Required work =
Below are some records. Print exactly the lines between the one holding "Human EDNRB Protein, hFc Tag" and the one holding "Facelift Before &", inclusive, and nothing else.

====

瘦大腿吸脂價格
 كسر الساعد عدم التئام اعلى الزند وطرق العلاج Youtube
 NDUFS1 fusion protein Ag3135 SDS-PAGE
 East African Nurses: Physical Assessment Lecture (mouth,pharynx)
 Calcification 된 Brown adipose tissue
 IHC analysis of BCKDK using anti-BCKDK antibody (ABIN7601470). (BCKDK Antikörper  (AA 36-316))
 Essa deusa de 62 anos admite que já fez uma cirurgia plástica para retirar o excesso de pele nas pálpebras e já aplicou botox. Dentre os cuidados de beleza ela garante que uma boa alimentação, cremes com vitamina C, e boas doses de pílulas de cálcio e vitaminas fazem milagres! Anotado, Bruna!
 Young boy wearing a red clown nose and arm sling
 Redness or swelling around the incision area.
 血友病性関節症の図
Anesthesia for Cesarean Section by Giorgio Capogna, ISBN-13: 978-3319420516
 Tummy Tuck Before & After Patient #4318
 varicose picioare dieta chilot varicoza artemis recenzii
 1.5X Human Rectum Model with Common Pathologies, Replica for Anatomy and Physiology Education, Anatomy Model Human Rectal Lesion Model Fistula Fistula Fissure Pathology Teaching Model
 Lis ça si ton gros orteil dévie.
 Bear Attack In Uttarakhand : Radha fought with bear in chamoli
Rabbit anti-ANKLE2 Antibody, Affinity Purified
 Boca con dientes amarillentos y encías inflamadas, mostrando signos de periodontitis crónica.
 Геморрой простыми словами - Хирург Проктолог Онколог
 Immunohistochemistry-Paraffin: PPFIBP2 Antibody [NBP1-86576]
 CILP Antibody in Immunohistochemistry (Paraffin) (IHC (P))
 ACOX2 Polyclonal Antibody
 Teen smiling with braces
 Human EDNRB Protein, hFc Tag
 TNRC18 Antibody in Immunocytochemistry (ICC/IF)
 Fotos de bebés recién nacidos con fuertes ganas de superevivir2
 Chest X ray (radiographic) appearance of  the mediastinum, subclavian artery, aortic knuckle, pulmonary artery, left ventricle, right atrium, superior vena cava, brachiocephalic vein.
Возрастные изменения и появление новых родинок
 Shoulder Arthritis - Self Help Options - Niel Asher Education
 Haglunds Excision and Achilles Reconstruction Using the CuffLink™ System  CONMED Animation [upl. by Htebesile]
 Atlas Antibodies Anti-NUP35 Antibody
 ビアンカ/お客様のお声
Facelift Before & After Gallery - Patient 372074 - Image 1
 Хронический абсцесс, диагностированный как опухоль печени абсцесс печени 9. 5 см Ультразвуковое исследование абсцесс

====

Task output =
 Human EDNRB Protein, hFc Tag
 TNRC18 Antibody in Immunocytochemistry (ICC/IF)
 Fotos de bebés recién nacidos con fuertes ganas de superevivir2
 Chest X ray (radiographic) appearance of  the mediastinum, subclavian artery, aortic knuckle, pulmonary artery, left ventricle, right atrium, superior vena cava, brachiocephalic vein.
Возрастные изменения и появление новых родинок
 Shoulder Arthritis - Self Help Options - Niel Asher Education
 Haglunds Excision and Achilles Reconstruction Using the CuffLink™ System  CONMED Animation [upl. by Htebesile]
 Atlas Antibodies Anti-NUP35 Antibody
 ビアンカ/お客様のお声
Facelift Before & After Gallery - Patient 372074 - Image 1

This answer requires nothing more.